The answer should hold only the lines from the one containing "a beach with" through the one containing "Headphones are placed" in the entries below, copied exactly, without pictures.

**Extracted entries**
Start of Block

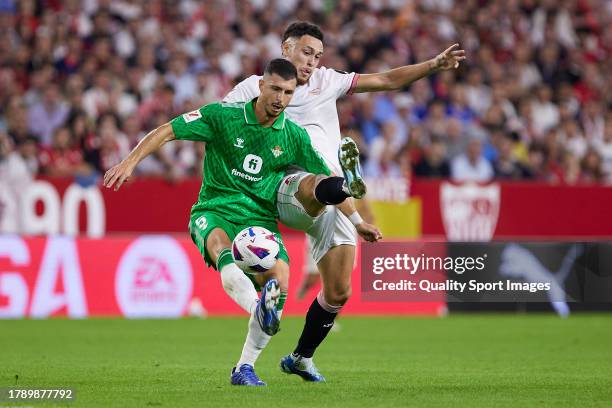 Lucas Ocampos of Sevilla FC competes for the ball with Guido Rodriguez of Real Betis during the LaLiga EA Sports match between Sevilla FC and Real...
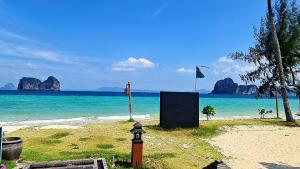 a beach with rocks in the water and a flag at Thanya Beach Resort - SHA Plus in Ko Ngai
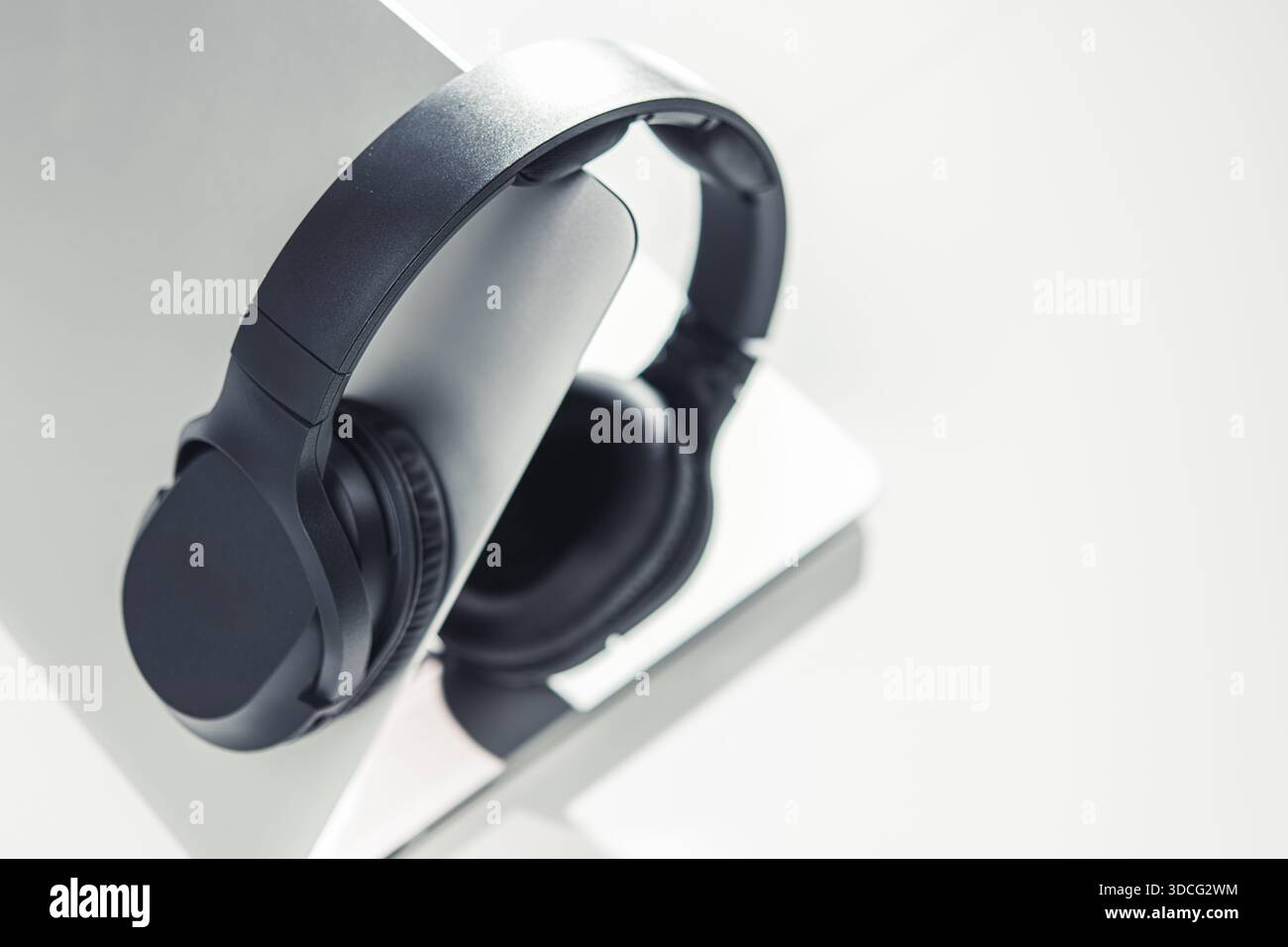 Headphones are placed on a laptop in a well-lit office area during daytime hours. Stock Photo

End of Block
Start of Block

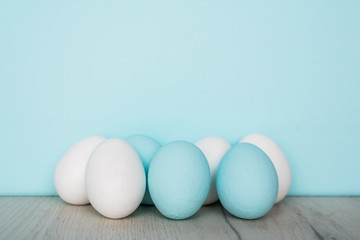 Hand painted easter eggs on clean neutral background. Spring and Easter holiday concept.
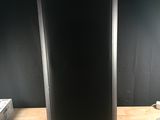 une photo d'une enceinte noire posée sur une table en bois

End of Block

**Task output**
 a beach with rocks in the water and a flag at Thanya Beach Resort - SHA Plus in Ko Ngai
 Headphones are placed on a laptop in a well-lit office area during daytime hours. Stock Photo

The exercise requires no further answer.